Data supplied:

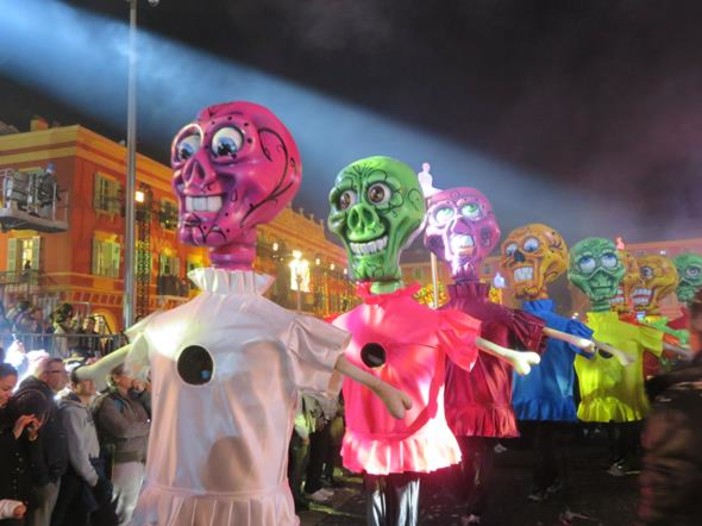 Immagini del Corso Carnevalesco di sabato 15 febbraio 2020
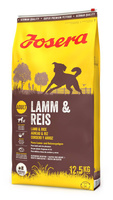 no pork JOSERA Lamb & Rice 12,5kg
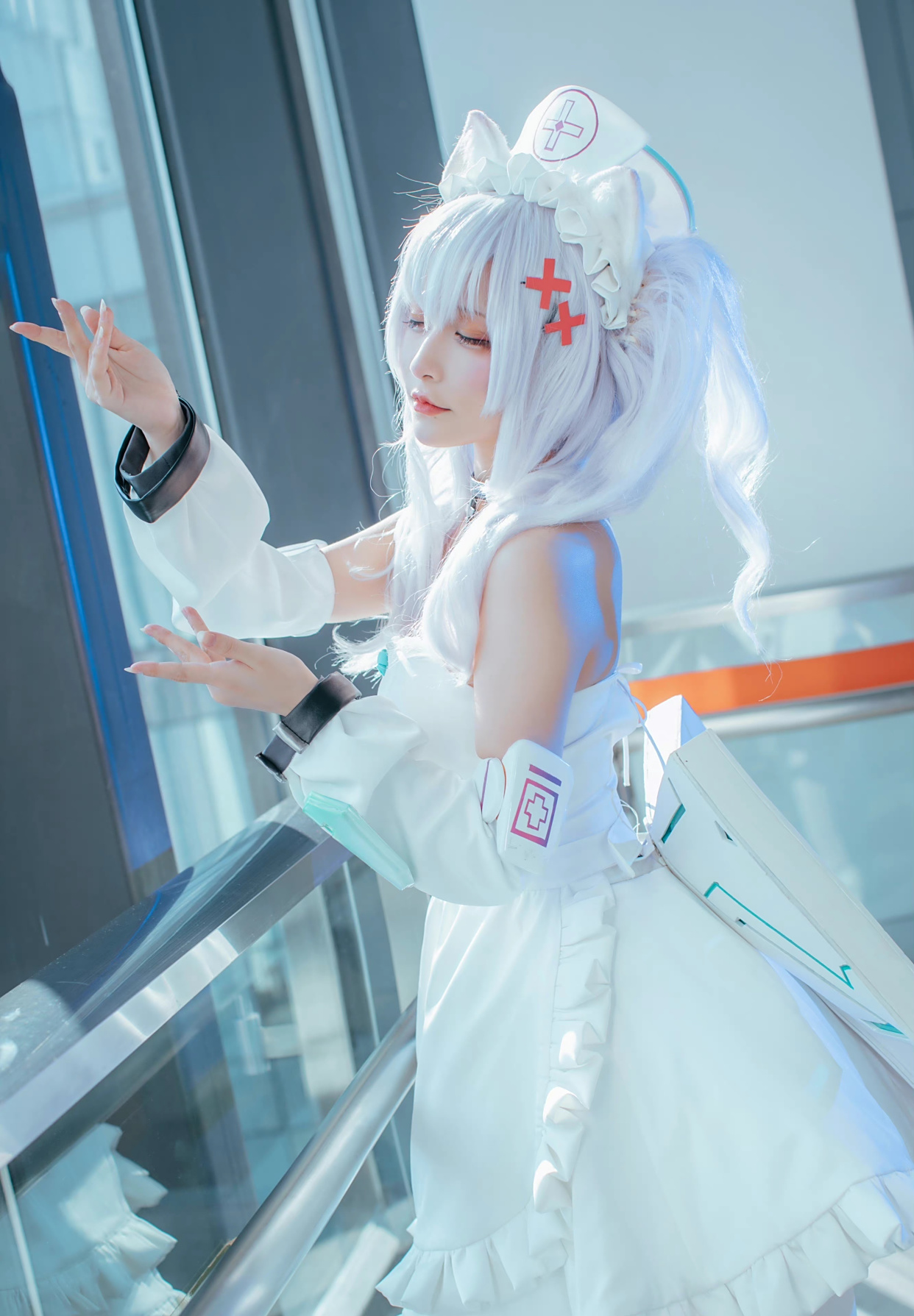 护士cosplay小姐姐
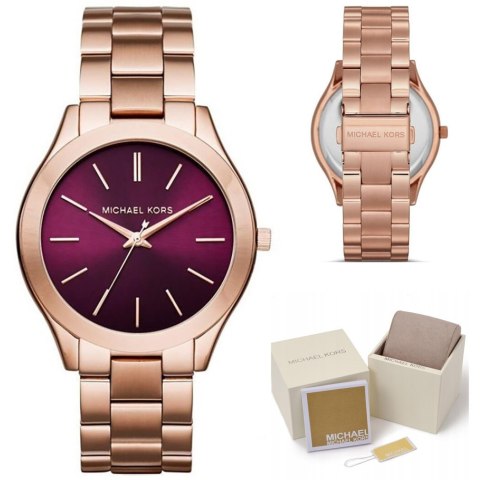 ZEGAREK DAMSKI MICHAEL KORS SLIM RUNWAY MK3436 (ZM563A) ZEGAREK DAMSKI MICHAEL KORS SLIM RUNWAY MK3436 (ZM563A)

* * *

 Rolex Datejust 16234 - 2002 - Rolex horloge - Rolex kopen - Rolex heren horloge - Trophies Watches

---

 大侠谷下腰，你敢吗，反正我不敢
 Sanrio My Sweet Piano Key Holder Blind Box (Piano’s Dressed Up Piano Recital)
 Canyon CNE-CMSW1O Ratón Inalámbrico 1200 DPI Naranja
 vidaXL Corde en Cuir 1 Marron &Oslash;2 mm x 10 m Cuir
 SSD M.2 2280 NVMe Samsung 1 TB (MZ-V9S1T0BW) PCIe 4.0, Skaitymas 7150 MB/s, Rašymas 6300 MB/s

What is expected:
The stretch of entries above that starts with the line containing "vidaXL Corde en" and goes on through the line containing "SSD M.2 2280" is to be transcribed exactly, and no other line is to be transcribed.

Response to the task:
 vidaXL Corde en Cuir 1 Marron &Oslash;2 mm x 10 m Cuir
 SSD M.2 2280 NVMe Samsung 1 TB (MZ-V9S1T0BW) PCIe 4.0, Skaitymas 7150 MB/s, Rašymas 6300 MB/s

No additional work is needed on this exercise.